Ketchum has issued a rebuttal in her customary fashion –on her Facebook page.
It seems we’ve touched on all the major Fortean mysteries from a rather skeptic approach, so I guess it’s now time to deal with the last of the paranormal enigmas left: Life after death. Last year Dr. Even Alexander’s book Proof of Heaven became a New York Times best-seller, and even managed to acquire a juicy movie deal. Perhaps the reason for his astronomical success had to do with the seeming position of authority given by his credentials as a neurosurgeon, which would allegedly give him a far more objective & critical understanding of the extraordinary experience he went through when he suffered a rare form of meningitis that pushed him to the edge of death –or perhaps the key was in the bow tie…
But ever since Alexander’s story was highlighted on the cover of Newsweek, both this experience & his persona have been the subject of continuous attacks by the circle of usual suspects: the skeptic nu-atheists who can’t stand the thought of anything or anyone threatening their Materialist worldview. The last one of those attacks is an Esquire Exposé written by Luke Dittrich title ‘The Prophet’ (requires online purchase), which focuses on a number of legal problems in Alexander’s previous medical practices, along with his claim that the coma he suffered was directly provoked by the E. Coli bacterial infection:
In Proof of Heaven, Alexander writes that he spent seven days in “a coma caused by a rare case of E. coli bacterial meningitis.” There is no indication in the book that it was [ER doctor] Laura Potter, and not bacterial meningitis, that induced his coma, or that the physicians in the ICU maintained his coma in the days that followed through the use of anesthetics. Alexander also writes that during his week in the ICU he was present “in body alone,” that the bacterial assault had left him with an “all-but-destroyed brain.” He notes that by conventional scientific understanding, “if you don’t have a working brain, you can’t be conscious,” and a key point of his argument for the reality of the realms he claims to have visited is that his memories could not have been hallucinations, since he didn’t possess a brain capable of creating even a hallucinatory conscious experience.

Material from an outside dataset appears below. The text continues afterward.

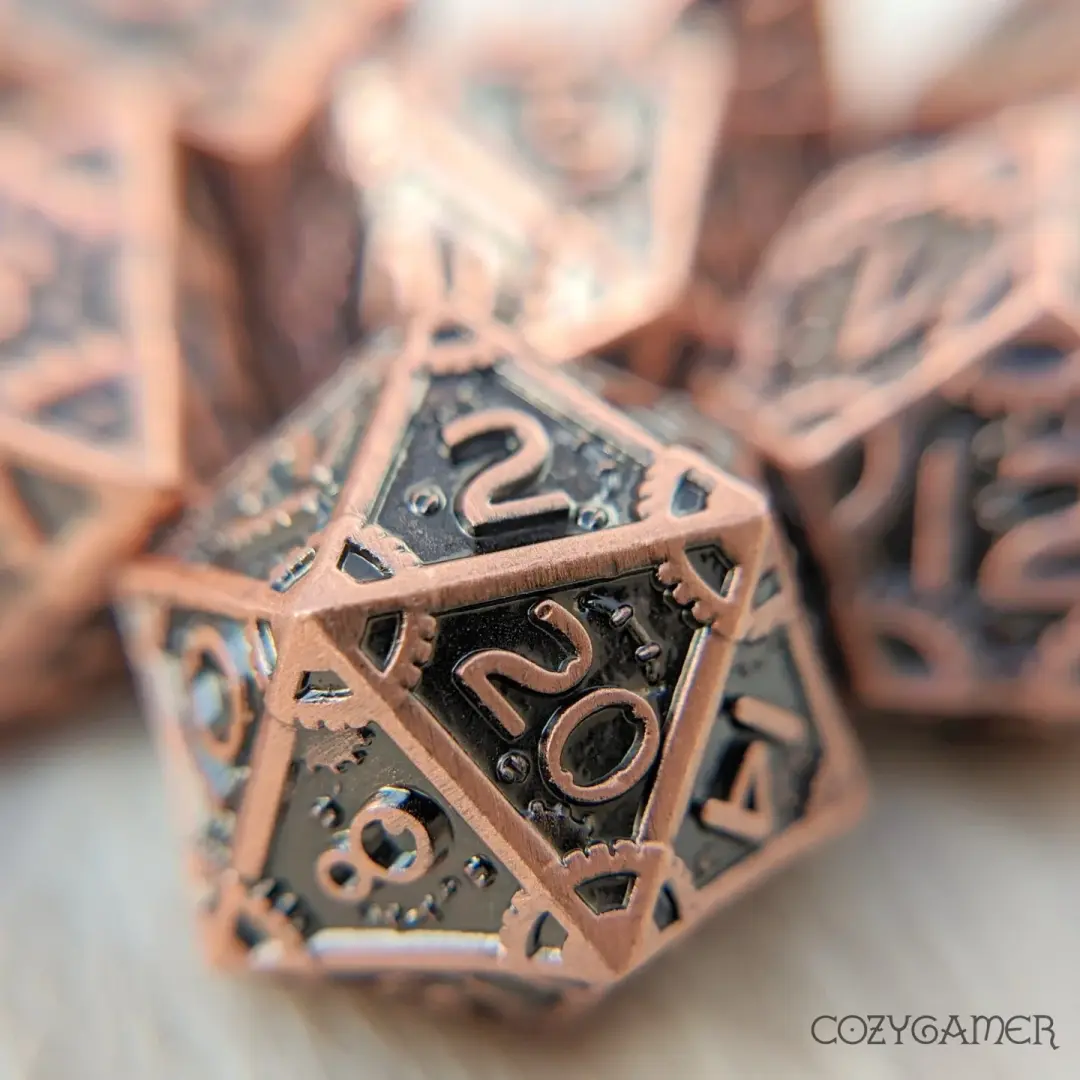 Copper Metal Gear Dice Set – 7-Piece Steampunk DnD Dice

I ask Potter whether the manic, agitated state that Alexander exhibited whenever they weaned him off his anesthetics during his first days of coma would meet her definition of conscious.

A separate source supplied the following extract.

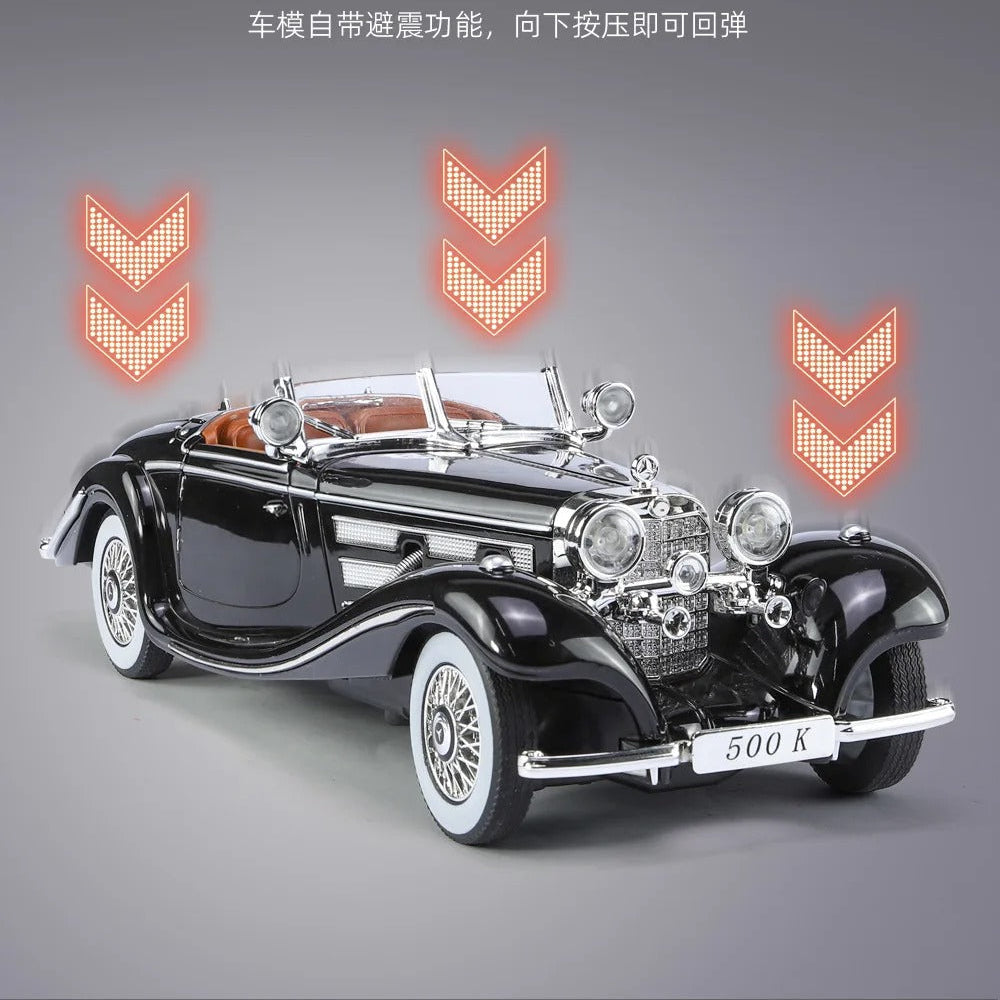 Modèle réduit de voiture Benz 500K en métal moulé sous pression à l'échelle 1:24.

“Yes,” she says. “Conscious but delirious.”
I confess I haven’t read neither Alexander’s book nor this new Esquire article, so I can’t comment with any authority on either one of them. I do think that this latest smear campaign on Alexander on account of previous malpractice problems stinks of ad-hominem innuendos; also, the way the story has been addressed by the media –“The ‘Proof of Heaven’ Author Has Now Been Thoroughly Debunked by Science”– is just laughable. There is *no* Science as an independent entity; what there are is scientists, who make use of a set of protocols known as the scientific method, which is an effective –yet limited– tool to further our knowledge of the Natural world. But at the end of the day, those scientists remain as fallible & imperfect as the rest of us mortals.
According to my friend & mentor Greg Taylor though, the article does raise valid points that should be addressed, and it seems Alexander is preparing to do just that. I’d also like to know if Dittrich bothered to offer an explanation to Alexander’s remarkable recovery from a disease which should have left him brain-dead, or at least severely impaired.